A gleaming little gem of a museum

The Pittsburgh Post-Gazette today offers a nice overview of the new museum in town, Butler’s Maridon Museum, founded by Mary Hulton Phillips.

The institution she willed into being is a gleaming little gem of a museum, a gift to its street, its city and its region. Here or anywhere there is nothing quite like it, offering an idiosyncratic introduction to Chinese and Japanese art through the eyes of an American collector.
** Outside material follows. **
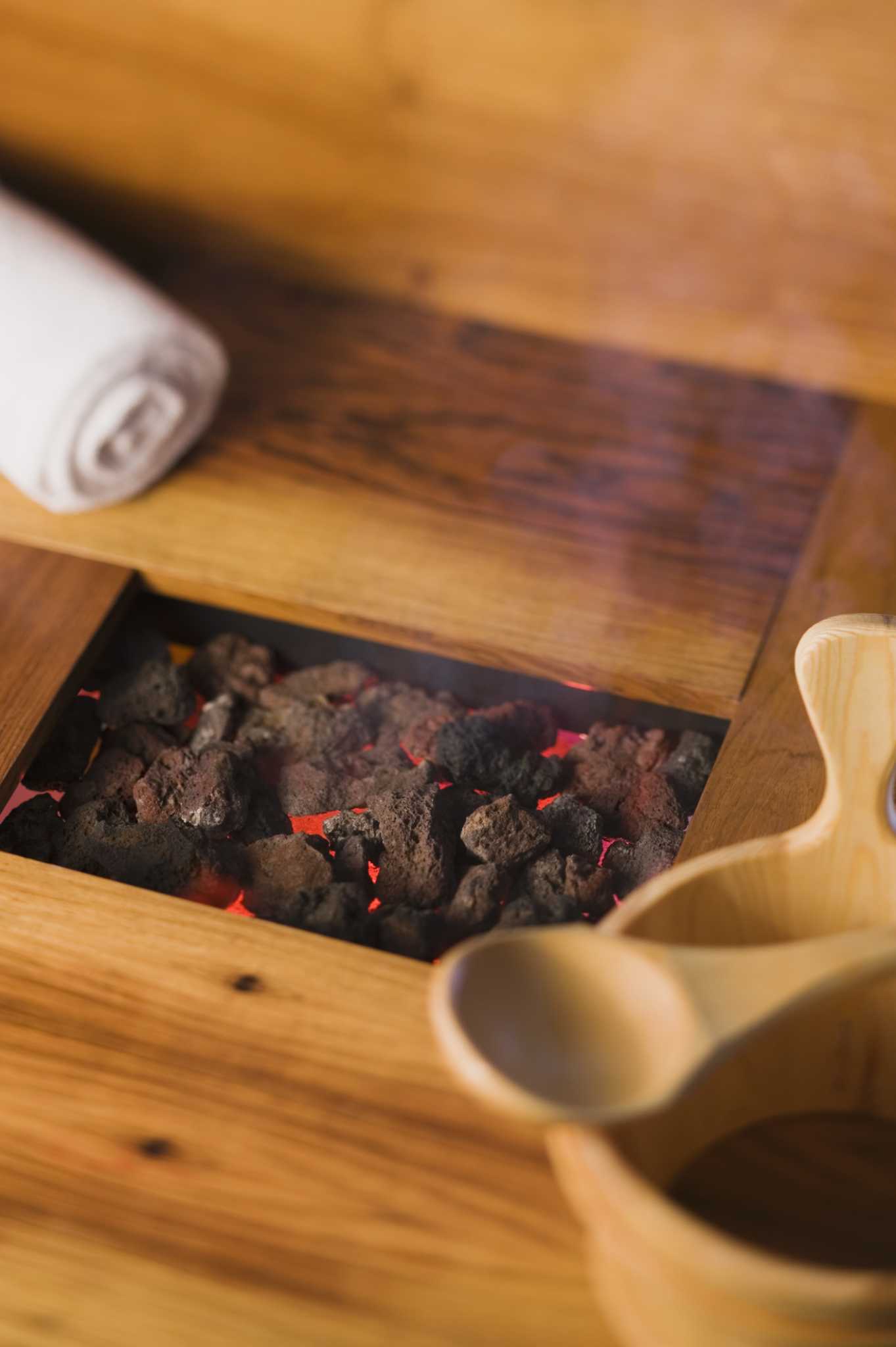 Do Saunas Burn Calories After a Workout?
About half of the museum’s collection is on view in four galleries; most of the rest is in a study gallery for scholars and will be rotated into exhibits.
The wide-ranging Asian collection comprises more than 400 jade and ivory sculptures, tapestries, furniture, landscape paintings, scrolls and artifacts. The museum also houses more than 300 pieces of Meissen porcelain, one of the largest private collections in the country, with several pieces dating to the earliest days of production in the 18th century. The theme that unites these disparate objects and cultures is the human figure, to which Phillips was consistently attracted.

“They tell stories,” she said. “The Meissen pieces are very humorous, and that attracted me.”

Although the museum lies on my regular jogging route, I haven’t yet visited. But I’m interested particularly by the reported quirkiness of the collection. And I have thought all along that the little window that houses Mrs. Phillips’s first collected piece looks very like a drive-through window.